We assume (but we’re not spending $25.95 to find out for sure) that the book does not include what Byrne had on his mind regarding Houston, where he stopped for a concert this past summer at Jones Hall (whose sound quality he pronounced “possibly the best of any hall we’ve played in”––hey, that’s something if you’re keeping score), most probably after his book had gone to press. Just as well, because Byrne’s take on Houston––brought to our attention a few months ago by the infrequently active but excellently named Amnesia Houston blog––is painfully mundane. It’s the sort of routine surface-y observations an out-of-towner would commit to memory while pedaling around the downtown area for a couple of hours and then Googling around for another 20 minutes: Enron, no zoning, the lack of pedestrians on the streets, the proximity of old-black-guys-on-the-front-porch 4th Ward to the skyscrapers (complete with cliched photo of said from 4th Ward vantage, nowhere as striking as 25-30 years ago, what with the newish development in the far background), rumination on Jones Hall namesake Jesse, blah wheeze and so on. Byrne does, however, offer a ripe description of one off Our Town’s true monstrosities, one that certainly bears repeating:
A block or so past the run-down shacks — this is Houston where there is NO zoning — is the new Federal Reserve Bank. It’s a weird, almost surreal post-modern edifice.Perhaps this snooty New Yorker was unaware that the cheesy, Lego-like structure was designed by none other than internationally renowned architect Michael Graves, notable for also designing “a line of household goods” for Target and more recently was in partnership with [yellow tail] wines. Perhaps Sr. Byrne did not recognize the true genius of Graves' design as a “playful” metaphor for the Target-like facade of our increasingly abstract post-post modern economy. Perhaps the globetrotting bicyclist didn’t “read” it the way we read it as we hurtle past, on our way to purchase Chinese-made goods at the "River Oaks" Target: as a rebuke, and a warning that we should get busy converting our remaining assets into hard metals and burying the hoard as deep in the backyard as the occasionally permeable clay will allow.
The mind turns to Alan Greenspan, former head of the Fed, who helped via deregulation to get us into the mess we’re in today — the whole Goddamn world is fucked, Alan! This very out of place structure somehow lingers, like a fart left by someone no longer in an elevator. Alan was recently quoted as saying “I made a mistake.”
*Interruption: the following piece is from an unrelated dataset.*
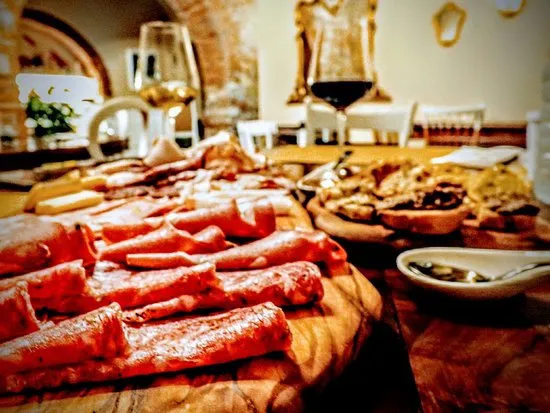 Il Goccetto Vino E Taglieri_Campiglia Marittima_slider_image_2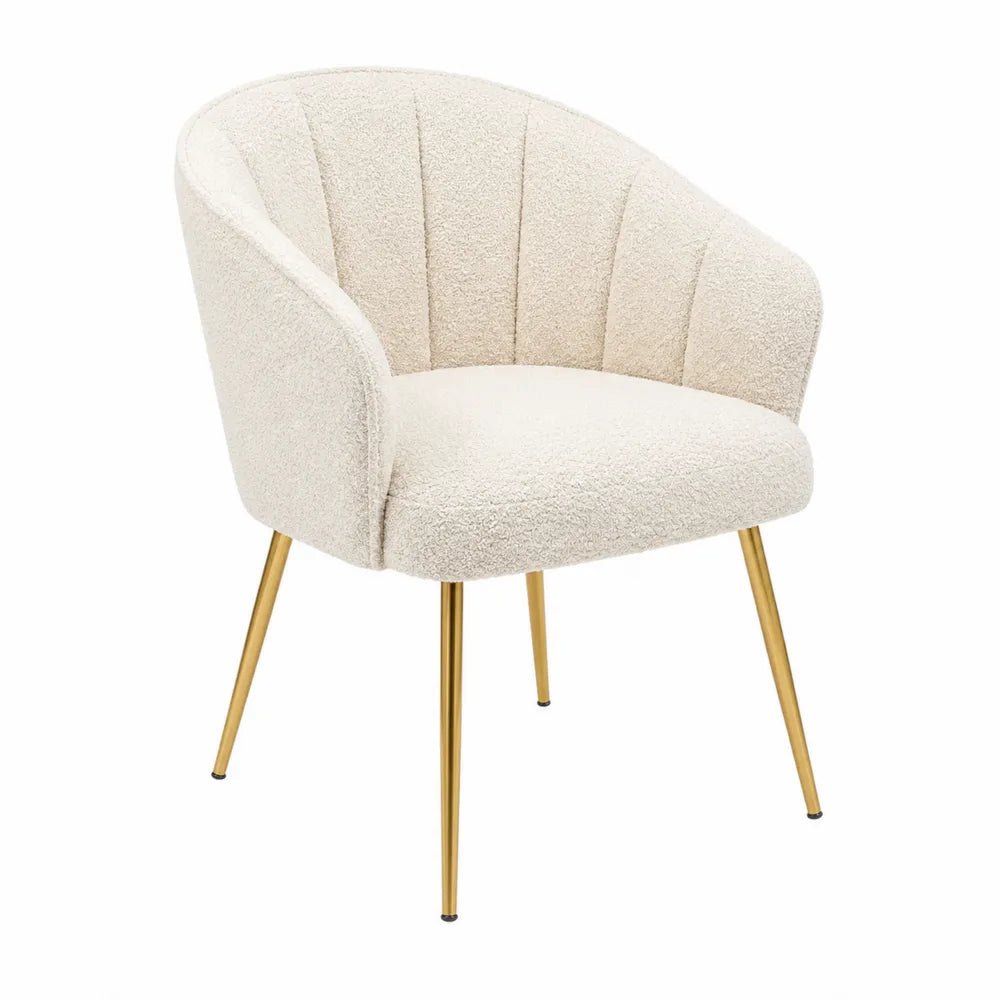Poltrona lounge imbottita rivestimento bouclé beige struttura in compensato multistrato gambe in acciaio dorato 68 cm x 66 cm x 74 cm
Here’s an interesting critique of the building, prompted by the same Byrne journal entry.
3 comments:
I guess I'm the only one, but I like it. I think more buildings should be made of Legos.
Legos are good, especially for the new middle school, which is what this building actually evokes, but for the Federal Reserve something more substantial is in order. Like the old one.
We would not, however, go so far as likening the new one to a stale fart odor.
That school was not designed to resemble a middle school.
It is an homage to the shotgun shack, the fourth ward's prevailing architecture before being replaced by Condo Kitsch.
I am not making this up. It is a giant shotgun shack.